Thursday, July 28, 2011

A Loss of Understanding

Here's the deal: I am deeply confused by life at this moment.  One might ask, 'Aren't you always?"  And the correct response to that is yes, I am.  But right now I am as lost as ever.  But lost isn't necessarily a bad thing.

Lately, I have been having dreams about people I know (and don't know), and then when I wake up those people happen to appear that day.  Sometimes they're even the first people I see.

Lately, I've been writing more songs than have ever been possible for me to write in a year, all within the span of a couple months.  This excites me.  It also concerns me that every song is going to suck...which leads to the next interesting puzzle piece.

Today, just now in fact, Liz left for work and then came back immediately to deliver me a letter; there was no return address.  I opened the letter and it was addressed:  Dear Present Jake.  The content of the missive was a small collection of encouraging ideas and personal meditations.  The letter was written by Future Jake.

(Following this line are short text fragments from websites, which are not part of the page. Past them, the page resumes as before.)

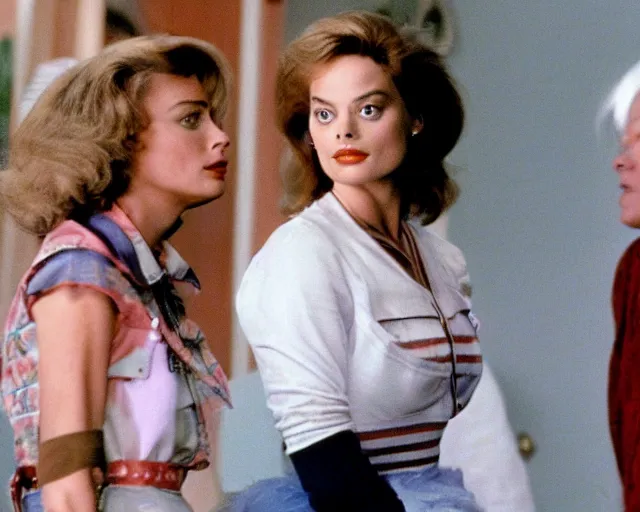 Image similar to margot robbie as lorraine baines in back to the future, 1985, cdx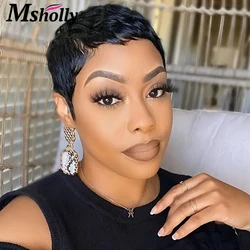 Pixie Cut Wig Short With Bangs Human Hair Wig 180 Density Wavy Layered Cut Full Machine Made Wig Brazilian Remy Wig For Women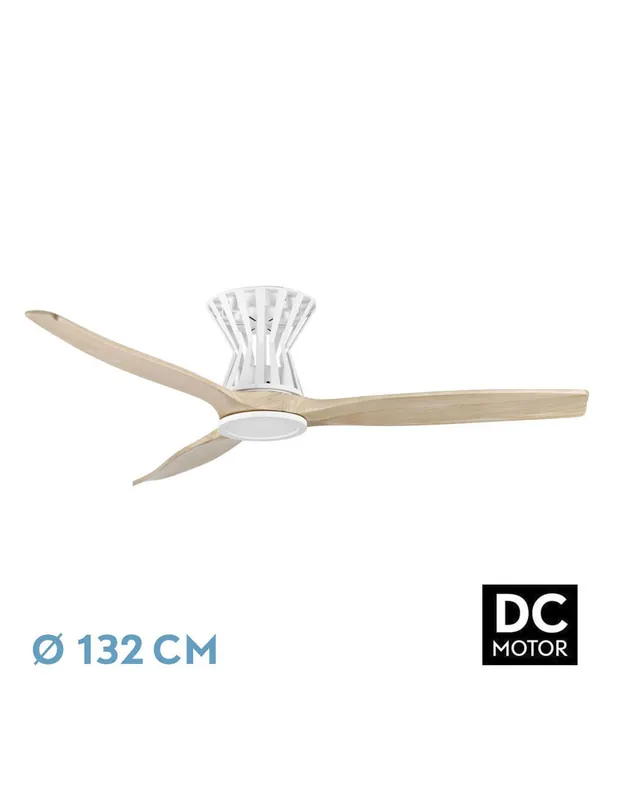 Baltir Ventilador de Techo Blanco y Haya 132 CM Precio Económico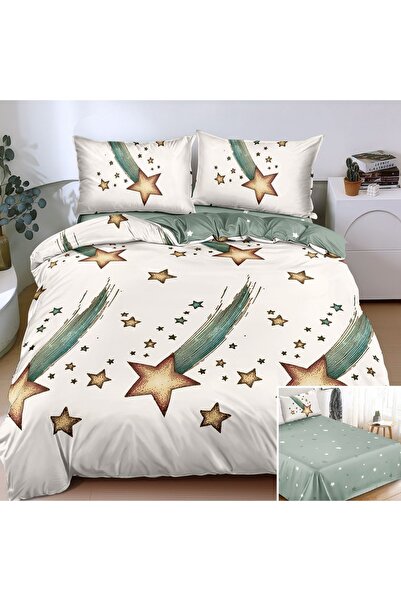 OEM Bed linen, 2 people, satin cotton, 4 pieces, with print, LSN4715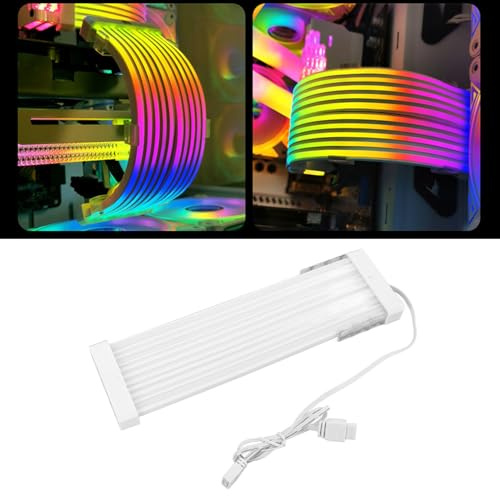 Câbles PSU RGB Câble PC Argb PC 200 Mm, 5V 3 Pin Bendable Silicone Sync PC Câble d'alimentation pour la Carte Graphique de Carte Mère PC Alimentation de la Carte Graphique, 56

Now.  I am not one for too much unreasonable foolishness, so I have to wonder who actually wrote this letter.  I would love to believe that it is from my future self but I am certain that there is no hope for my handwriting, because whoever penned that letter writes neatly.  This letter brings to my attention features of myself which I, while aware of them, try to either ignore or accept as fixed structures.  Am I such a mess?

The most bewildering thing!?  Liz's Grandfather gave me his old Crown Victoria yesterday.  He gave me a car.  It was his birthday yesterday too.  How can anyone deserve such kindness and luck?  How can such a debit be repaid to the universal store of energy?  How can I live more graciously and gracefully?